The problem was never Windows. It was companies that were too cheap to have contingency, because an event like this was considered extraordinary and not worth investing in.
Nope, that’s not how it works on Linux, even if someone introduced the most heinous breaking change people would just not update until things were fixed, in fact the update is unlikely to do that because things are tested before being pushed. If someone were using latest of everything by having something like a Gentoo system with everything building from git maybe that person would be affected and he would have to rollback to an earlier version and keep going for a total downtime of 1h tops, and that is if someone was using the most stupid way possible in production.
The main reason why this will NEVER happen to a server running Linux is that updates are not automatic, i.e. they get triggered manually, so if there’s an issue upstream you don’t update, and if you encounter you rollback. The issue is not that Windows had a broken update, that can happen and it’s fine, the issue is when the OS forcefully installs that update and breaks your system without you doing anything.
And yeah, I know what I’m talking about, I worked as a software architect for a large website for a few years and now I work as a software engineer for the servers of one of the largest online games.
Edit: re-reading your post, I would like to ask you how would you build this critical infrastructure with Windows? Because independently of how you answer it you would have been affected by this.
the issue is when the OS forcefully installs that update and breaks your system without you doing anything.
The crowdstrike update was pushed out by their own software I thought, not the windows update system?
Plus crowdstrike has caused similar issues with Linux systems before, so the solution is to just not use crowdstrike and similar solutions on any OS.
The issue is not that Windows had a broken update, that can happen and it’s fine, the issue is when the OS forcefully installs that update and breaks your system without you doing anything.
I would have thought most businesses with windows would do staged rollouts.
the solution is to just not use crowdstrike and similar solutions on any OS.
Exactly, and since Windows is similar, therefore…
The problem wasn’t with an update Microsoft pushed out. It was due to an update by crowdstrike which iirc ignored all settings for staged rollout (or there were no settings at all for that)

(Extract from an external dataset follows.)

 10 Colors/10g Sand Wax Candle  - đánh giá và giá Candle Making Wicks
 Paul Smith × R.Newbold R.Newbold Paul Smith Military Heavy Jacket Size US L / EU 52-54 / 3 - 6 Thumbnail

It’s not like anyone outside Crowdstrike chooses to have these updates installed. It happened automatically with no way of stopping it.
Yes, this specific problem wasn’t caused by Microsoft, but it was caused by the forced automatic update policy that crowdstrike has, which is the same behavior Windows has. So while this time it wasn’t Microsoft, next time it could be. And while you can prevent this from happening on your Linux box by choosing software that doesn’t do this, it’s impossible to prevent it on a Windows box because the OS itself does it.
That is a wild assumption with two key flaws
-
Windows in many workplaces has updates locked down too, except in circumstances where critical security or vulnerability patches are pushed through.
-
The same is true for many servers that run Linux.
As someone that works on tier1 services for arguably the biggest tech company right now, that’s how it works in most of FAANG. Updates are gated, sure, but like with many things there’s a vetting process where some things that look super important and safe just slip through.
In regards to your edit, I guess most cases are different from others, but if your entire business requires you to be able to use a machine 100% of the time then you should have the means to either use a different machine to continue transactions (ideally one with a known state that won’t change, or has been tested in the last few months). If you need to log transactions and process 24-48 hours later do that on something that’s locked down hard, with printed/hard backups if necessary.
Ultimately, risk is always something you factor in. If you don’t care about 48 hours of downtime over several years, it’s not a huge concern. I’d probably argue that many companies lost more money during these days than they would have spent in both money and people-hours training them on a contingency system to use in case of downtime.
- Who determines which security updates are critical? In windows case it’s ultimately Microsoft, if they say this update is critical it will get installed on your machines whether you like it or not.
- The update process in Linux needs to be triggered manually, so it’s a big difference. No one external to your company can say “that computer will get this new software NOW”, and that’s the point you’re missing.
In answer to the other dit answer, if all of those machines are windows they were all affected by the update, so having secondary or tertiary machines is pointless because all of them failed at the same time when an external source decided to install new software on all your computers.
Windows updates don’t happen automatically in an Enterprise environment. They are tested and pushed out once the version is determined to be stable.